“ne galatasaray ne ben çok alışkın değiliz bu gidişata. herhalde tepkileri bu yüzden olsa gerek taraftarın… her şeye rağmen, her durumda, taraftarın sahip çıkmasını beklerim ben.”
“oyun içindeki tepkileri doğal karşılıyorum ama bunlar bizim oyuncularımız, onlarla sezon sonuna kadar devam edeceğiz. o yüzden ona göre davranmak lazım. hiç kimse istemez bunu. en çok üzülenler, yine oyuncularımdır.”
“galatasaray forması giyen her sporcu, küfüre değil sevgiye layıktır. ağır sözlere değil, teşviğe ve sarılmaya ihtiyacı vardır. bugünleri birlikte atlatacağız. taraftarın desteği olmadan bugünleri atlatamayız.”
“taraftarın tepkisini duydum. ‘niye oynamıyor’ diyorlar. şu ana kadar oynayan bir takım var, bugün iyi oynamadık. çünkü gol bizi çabuk kırdı.”
“gençlerin, ‘yine mi aynı şey’ endişesiyle düşündüğünü düşünüyorum. bir şok yaşandı, çabuk kırıldık. devamlı inişleri hiç de tahmin etmedik, iniş çıkışları düşünmüştük. ilk yarının sonunda oynanan maçları gördükten sonra kimsenin bu takım ne oynuyor deme hakkı yok.”
“bu takım ne kaçırıyor deme hakkı var. nasıl mağlup olduğumuz da ortada. biz kimse gibi başka bahaneler de üretmiyoruz orada bu verilmedi, burada bu alınmadı diye. istedikleri gibi tezahürat yapabilirler tabii ki. olabilir.”

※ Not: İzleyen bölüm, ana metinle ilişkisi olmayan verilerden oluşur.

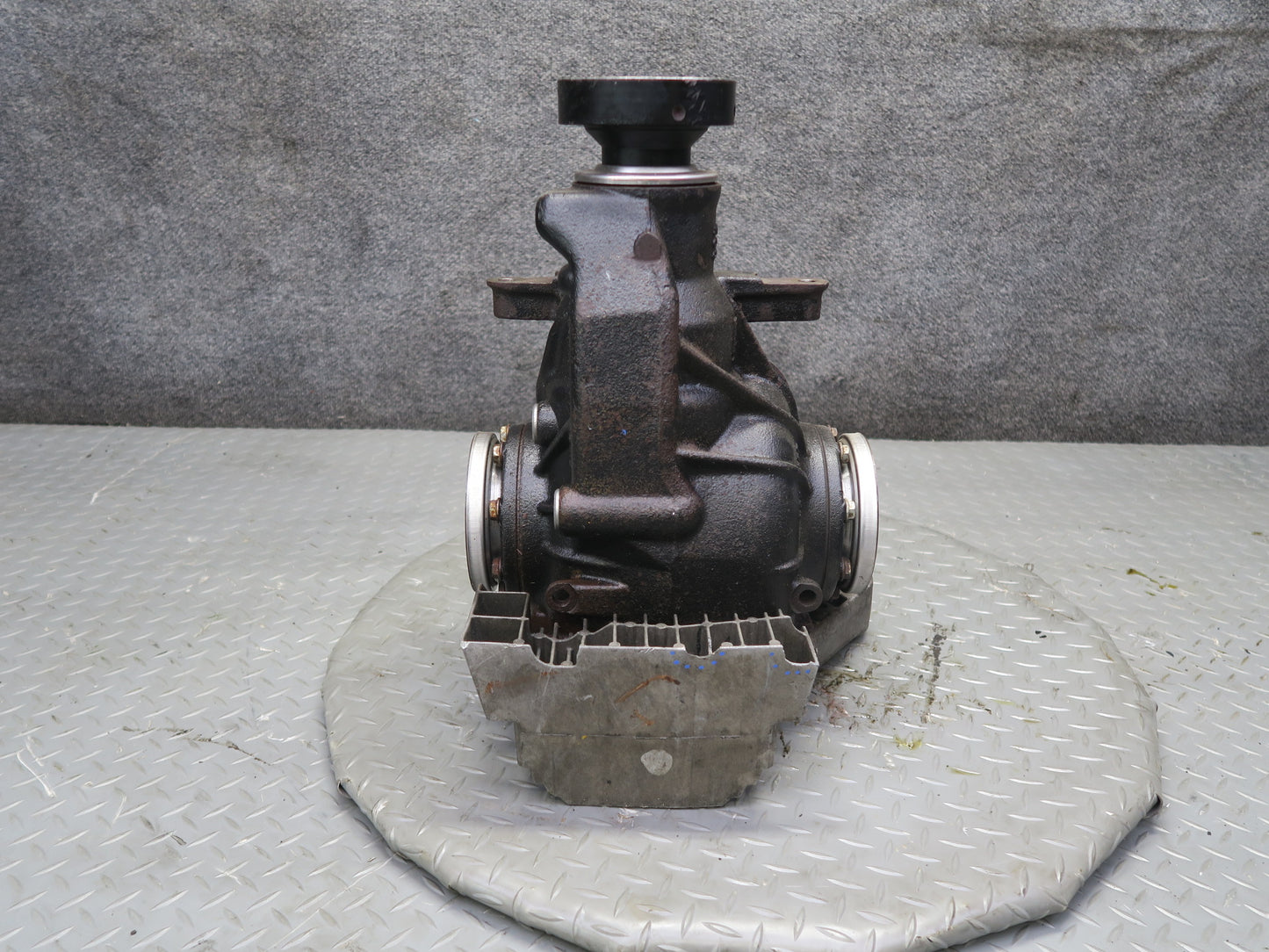 2008-2013 BMW E90 E92 E93 M3 MT Rear Differential Carrier LSD 3.85 Ratio 2283005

“ilk yarının en iyi oynayan takımlarından birisi biziz. bütün zevk veren oyunlara bakabilir herkes. bugün için hayır. bizi buradan çıkaracak şey, rakibe gol atarak cevap vermemizdi ama 1-2 metreden bazen olmuyor. bize her vurulan oluyor. bu oluyor bazen.”
“taraftarın söylediklerini duydum. ben hiç alışkın değilim, herhalde soruda onu demek istediniz. oluyor, onları da görüyoruz. neler görüyoruz… sadece onları değil. üzgünüz. buradan çıkacağız. bu yerin kendimize yakışmadığını biliyoruz.”
“tüm hayatımı insanlar önünde yaşadım. gizli saklım olmadan. her hareketimi milyonlarca göz önünde yaptım. her hareketimi milyonlarca kişi takip etti. beni iyi tanıyanlar olduğunun da farkındayım.”
“şunu da biliyorum; burada bazı yanıtlar vermek, yıllar sonra dahi hatırlanacak sözler olarak kalabilir. bunları kullanmak işin kolay tarafı. sizi anlıyorum ama bu işin kolayı. ben, sezon başında sayın başkanımızla birlikte bu yola çıkarken kariyerimin geldiği aşamada belki de son kez galatasaray’da teknik direktör olarak görev alacaktım. geri kalan 50 yılın, sağ salim bir değerlendirmesini yaptığımızda, farklı misyonlar üstlenmem gerektiğine inandım.”
“istatistikleri düşünsek, kariyerimizi düşünsek, buna gerek yoktu. bu tabii cesur insanların alacağı, arkasından kararlılıkla devam edeceği oldukça zorlu bir iş. hiç kolay bir iş değil.”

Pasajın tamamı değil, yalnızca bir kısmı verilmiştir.